## How to keep the same length interpolating points linearly or exponentially?

DSP, Plug-in and Host development discussion.
Nowhk
KVRian
871 posts since 2 Oct, 2013
Hi guys

This is the code I have for a "function generator" signal that I'll use to modulate some params (taken inspiration from Rampage module, within VCV Rack):

Code: Select all

``````#include <iostream>
#include <math.h>

const double sampleRate = 44100.0;

inline float interpolate(float a, float b, float frac) {
return a + frac * (b - a);
}

inline float shapeDelta(float delta, float length, float shape) {
float mul = 1.0;

float lin = copysignf(1.0f, delta) * 10.0 / length;
float exp = mul * M_E * delta / length;

return interpolate(lin, exp, shape * 0.90f);
}

int main() {
float lengthInSeconds = 1e-2;
float in = 10.0;

// linear
float out = 0.0;
float shape = 0.0;
int numSteps = 0;
while (in - out > 1e-3) {
float delta = in - out;
float inc = shapeDelta(delta, lengthInSeconds, shape) * (1.0 / sampleRate);

out += inc;
numSteps++;
}
std::cout << "shape: " << shape << " | num steps: " << numSteps << " | value: " << out << std::endl;

// exp
out = 0.0;
shape = 1.0; // changing the shape
numSteps = 0;
while (in - out > 1e-3) {
float delta = in - out;
float inc = shapeDelta(delta, lengthInSeconds, shape) * (1.0 / sampleRate);

out += inc;
numSteps++;
}
std::cout << "shape: " << shape << " | num steps: " << numSteps << " | value: " << out << std::endl;
}
``````
With shape = 0, its linear, and it takes (length) 441 samples to complete (0.01 seconds).
With shape = 1, its exponential, but it takes (length) 582 samples to complete (more than 0.01 seconds).

I'd like to keep the same (~) length, using both linear or exp (also considering to modulate/change shape in the middle of the cycle).

I guess that all I need is to change that mul factor (due to the position/delta/shape?!?!).
That's the question: how would you manage that mul?

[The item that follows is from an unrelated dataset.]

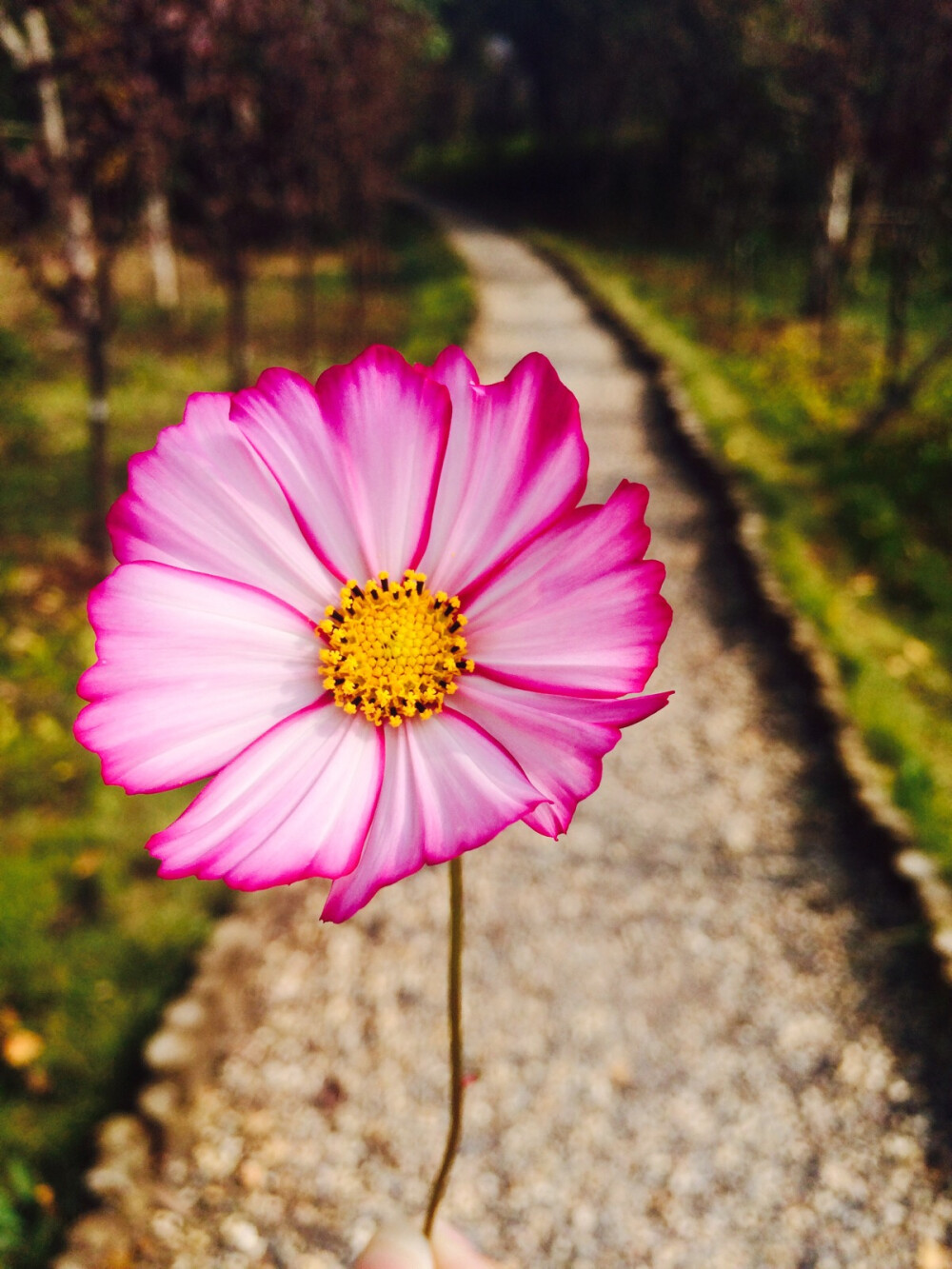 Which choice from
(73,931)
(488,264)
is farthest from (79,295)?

It seems to me a nice way of easily generate CV signal, but I'd like to keep fixed the time of each cycle while changing the shape.

Thanks guys, as usual!

sault
KVRist
45 posts since 4 Sep, 2014
The first thing I see is that you never have a fully exponential shape because of the 0.9 * shape in the shapeDelta function... but no, changing mul won't help because mul is a linear operation and we need an exponential operation.

One way to calculate things might be

decay = exp( ln(target_val)/(srate*ms) );

In other words, for you

decay = exp( ln(0.001)/(srate*0.01) );

In the case of the srate being 44100 that gives us about 0.984458 which when raised to the 441st power is right about 0.001. So you need to have that e^x thing going on in there somewhere.